§ **Provided information**:
- - -

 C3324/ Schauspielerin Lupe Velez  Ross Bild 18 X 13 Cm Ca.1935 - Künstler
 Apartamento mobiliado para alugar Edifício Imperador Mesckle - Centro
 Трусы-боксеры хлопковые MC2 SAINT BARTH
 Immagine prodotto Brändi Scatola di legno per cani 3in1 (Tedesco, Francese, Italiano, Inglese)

- - -

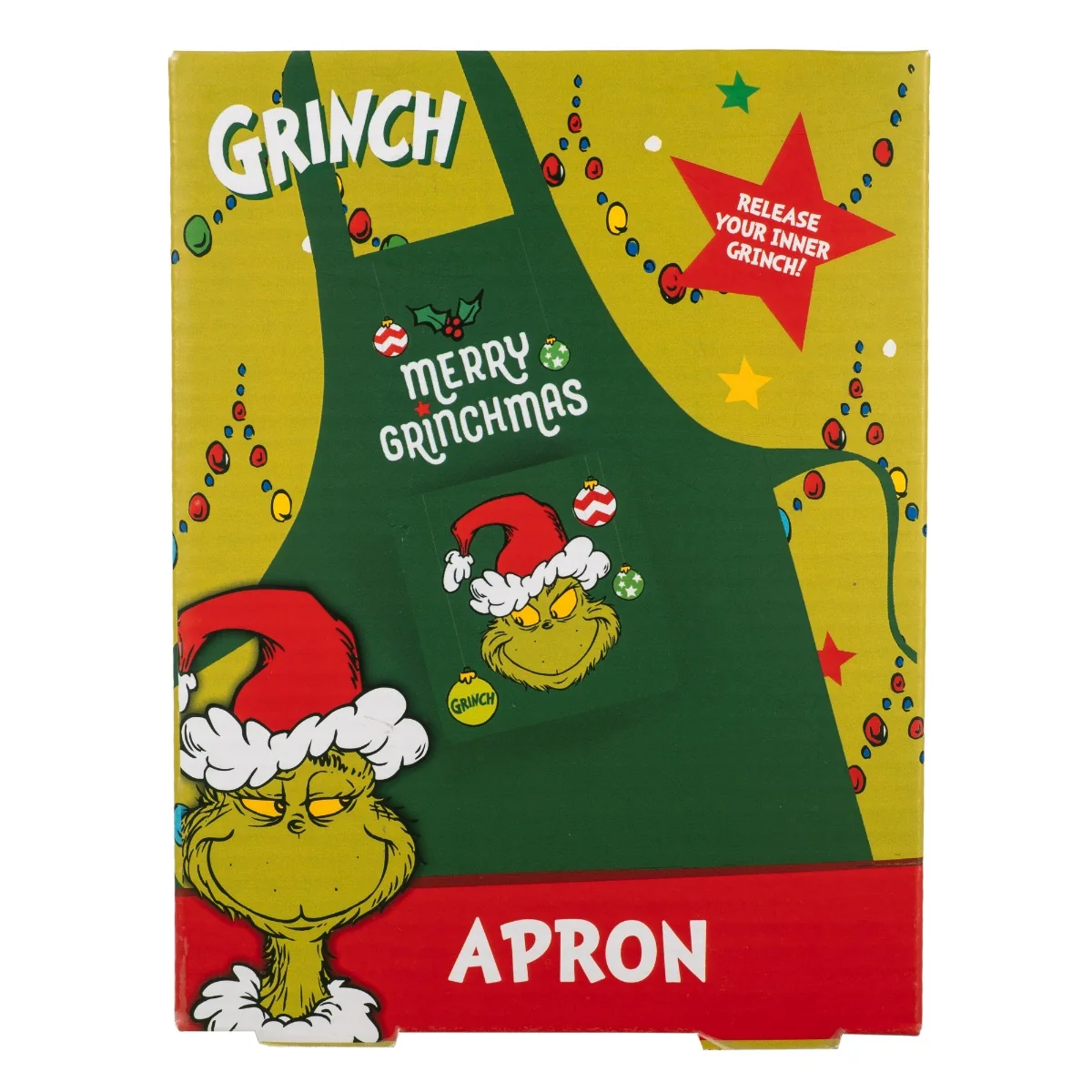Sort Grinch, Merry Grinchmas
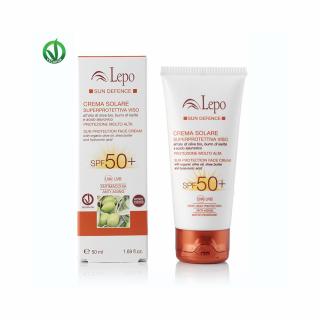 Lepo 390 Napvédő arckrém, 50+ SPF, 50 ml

- - -

All that is needed is the exact run of lines above from the line containing "Apartamento mobiliado para" through the line containing "Immagine prodotto Brändi", both of them included.

 Apartamento mobiliado para alugar Edifício Imperador Mesckle - Centro
 Трусы-боксеры хлопковые MC2 SAINT BARTH
 Immagine prodotto Brändi Scatola di legno per cani 3in1 (Tedesco, Francese, Italiano, Inglese)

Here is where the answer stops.